§ **INPUT DATA**
_ _ _ _

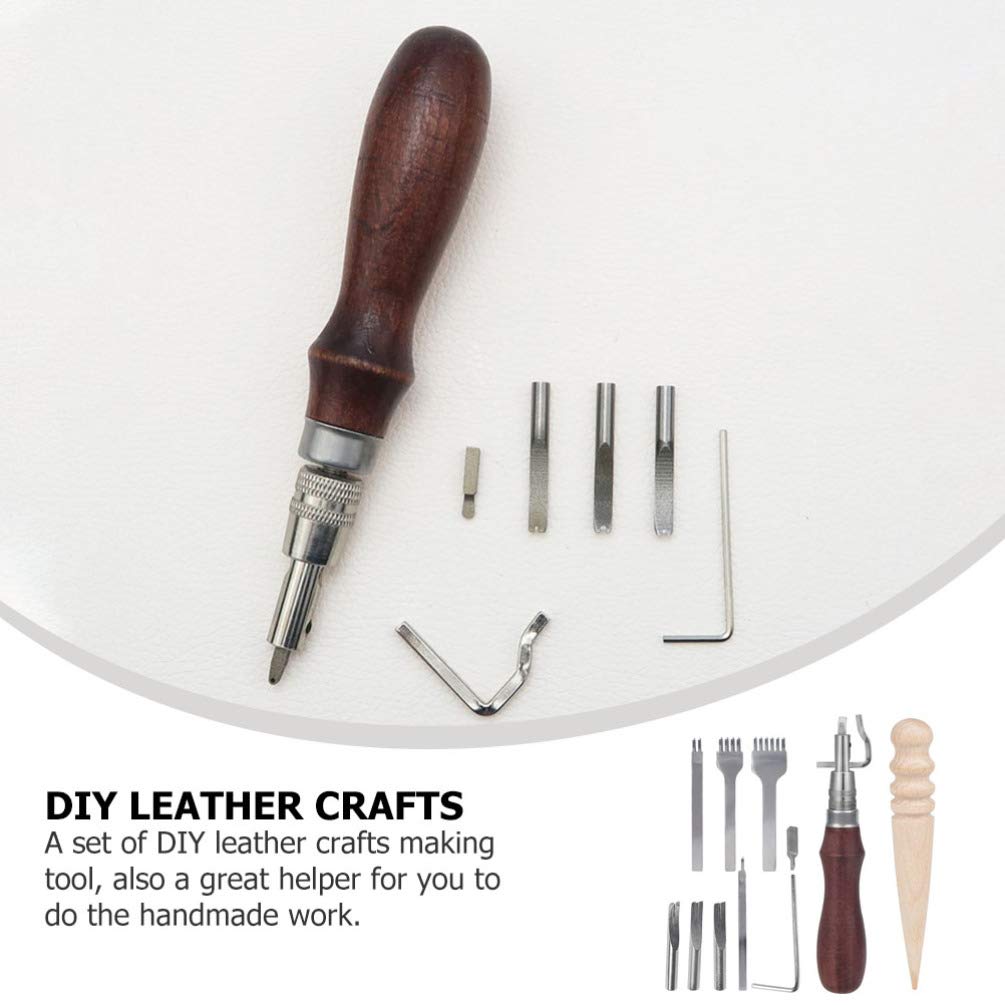 EXCEART Leather Hand Sewing Tool Kit - 36-Piece Hand Stitching Tools Set with Punch Needles, Origami Paper & Wooden Accessories for DIY Crafts, Leather Repair, Bookbinding & Scrapbooking Projects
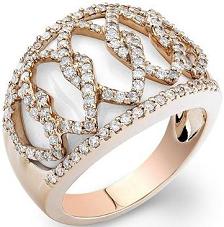 Rose Gold White Onyx Diamond Ring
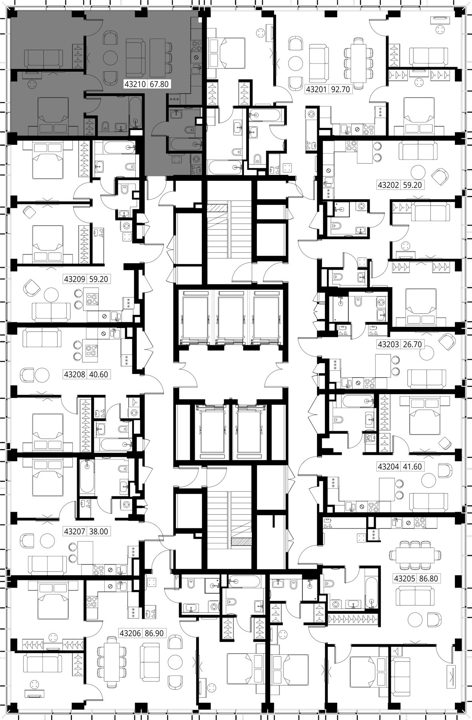 2-комнатная квартира, 67,8 м² — фото 2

_ _ _ _

§ **BRIEF**
Set down the data above word for word, leaving every picture out.

§ **ANSWER BOX**
 EXCEART Leather Hand Sewing Tool Kit - 36-Piece Hand Stitching Tools Set with Punch Needles, Origami Paper & Wooden Accessories for DIY Crafts, Leather Repair, Bookbinding & Scrapbooking Projects
 Rose Gold White Onyx Diamond Ring
 2-комнатная квартира, 67,8 м² — фото 2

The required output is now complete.